3.6. No indications were found during the Committee’s investigation that Semmel or the people entitled to his inheritance made efforts after the war to regain possession of the work of art now being claimed or to obtain compensation for the loss of its possession. There is no reference to the present painting in the archive of the lawyer Benno J. Stokvis, the representative of Semmel and then Grete Gross-Eisenstädt in the Netherlands. This archive is in the Amsterdam City Archives. This archive does, though, contain references to a number of other works of art from the Semmel collection. These works include items that were surrendered during the occupation of the Netherlands (1940-1945) to the German ‘robber bank’ Lippmann, Rosenthal & Co., Sarphatistraat, Amsterdam, for which Semmel sought restitution of rights after the war.

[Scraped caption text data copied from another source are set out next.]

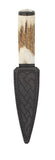Scottish Staghorn Ceremonial Sgian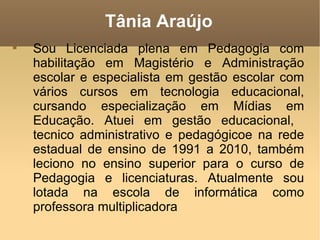 Tânia Araújo ,[object Object]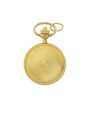 Case Gold Plated Dial White Dial Arabic 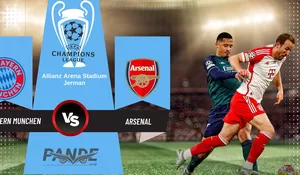 Mimpi Juara Terkubur, Bayern Munchen Gagalkan Arsenal Di Liga Champions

4. The applicants’ point of view

4.1. The Applicants stated that Semmel put the painting Madonna and Child with Wild Roses into the sale at Frederik Muller & Cie. of 21 November 1933. In regard to this, in addition to a reference to the Museum’s 1999 collection catalogue, they have identified further sources. Four of these were mentioned in section 3.4, namely the catalogue of an exhibition of Old Master paintings in the Rijksmuseum in Amsterdam in 1929, in which ‘R. Semmel, Berlin’ was mentioned as the owner of the present painting, an article by the art historian G.J. Hoogewerff in the art magazine Oud-Holland in 1929, in which the picture is depicted with the caption ‘R. Semmel collection in Berlin’ and there is a comment that the work ‘Was purchased some time ago…by Mr R. Semmel of Berlin through the…P. de Boer gallery in Amsterdam’, the 1941-1942 study by Hoogewerff entitled De Noord-Nederlandsche Schilderkunst, in whNTSich it was reported that ‘After attracting attention at the P. de Boer gallery in Amsterdam in 1927 … this painting consequently became part of the collection of R. Semmel in Berlin…’, and the article in 1930 by P. Wescher in the art magazine Pantheon about the paintings in the Semmel collection, in which a ‘Halbfigurenmadonna von Scorel’ from the Semmel collection is described. In this context the Applicants also refer to the inclusion of the present painting in the catalogue of the sale at Frederik Muller & Cie. of 21 November 1933 and to the note ‘(including R. Semmel of Berlin)’ on the cover and the title page of a copy of the sale catalogue in the RKD.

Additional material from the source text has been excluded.